* **TO DO**: For the data that follows, print the line with "Hallway featuring light", the line with "tiled bedroom featuring", and all lines between them, exactly as they stand. Omit pictures and add nothing.

* **PROVIDED DATA**:

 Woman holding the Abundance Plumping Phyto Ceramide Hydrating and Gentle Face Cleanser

---

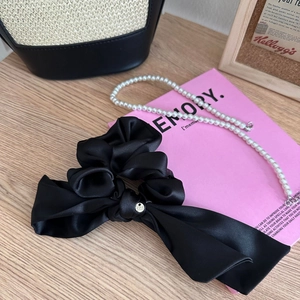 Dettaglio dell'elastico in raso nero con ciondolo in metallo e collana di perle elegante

==

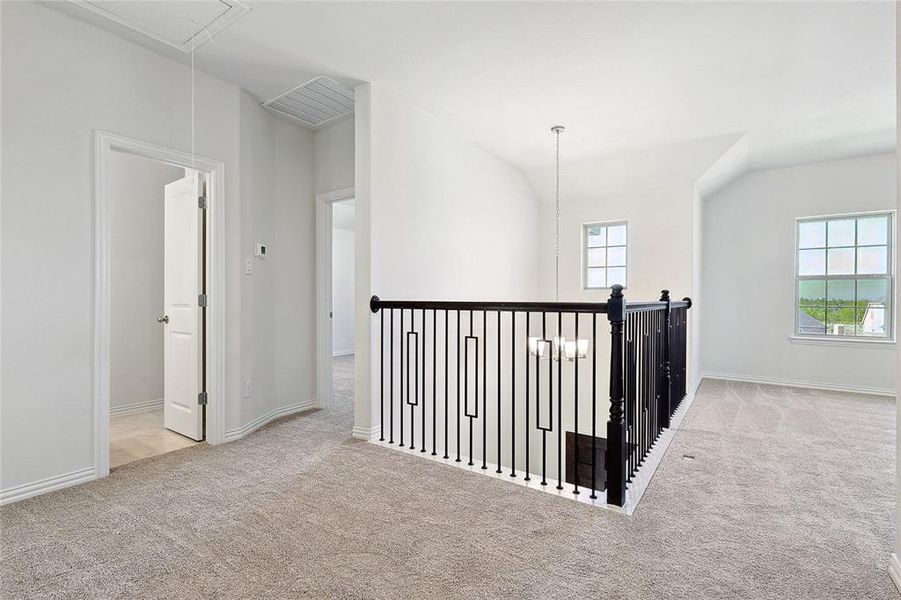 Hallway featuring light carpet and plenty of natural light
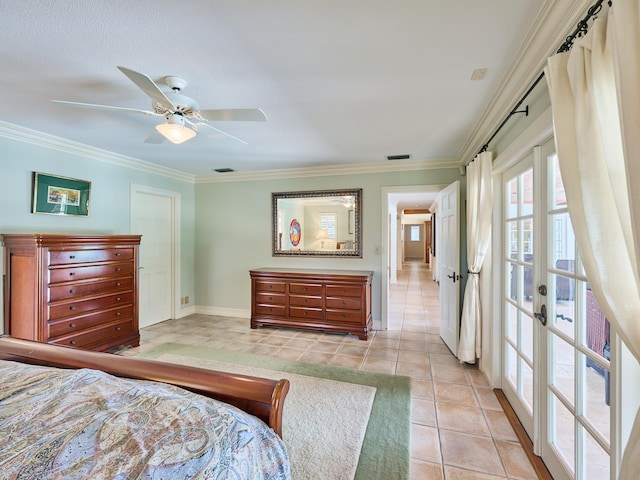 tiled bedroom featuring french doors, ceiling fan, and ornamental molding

* **REPLY TO THE EXERCISE**:
 Hallway featuring light carpet and plenty of natural light
 tiled bedroom featuring french doors, ceiling fan, and ornamental molding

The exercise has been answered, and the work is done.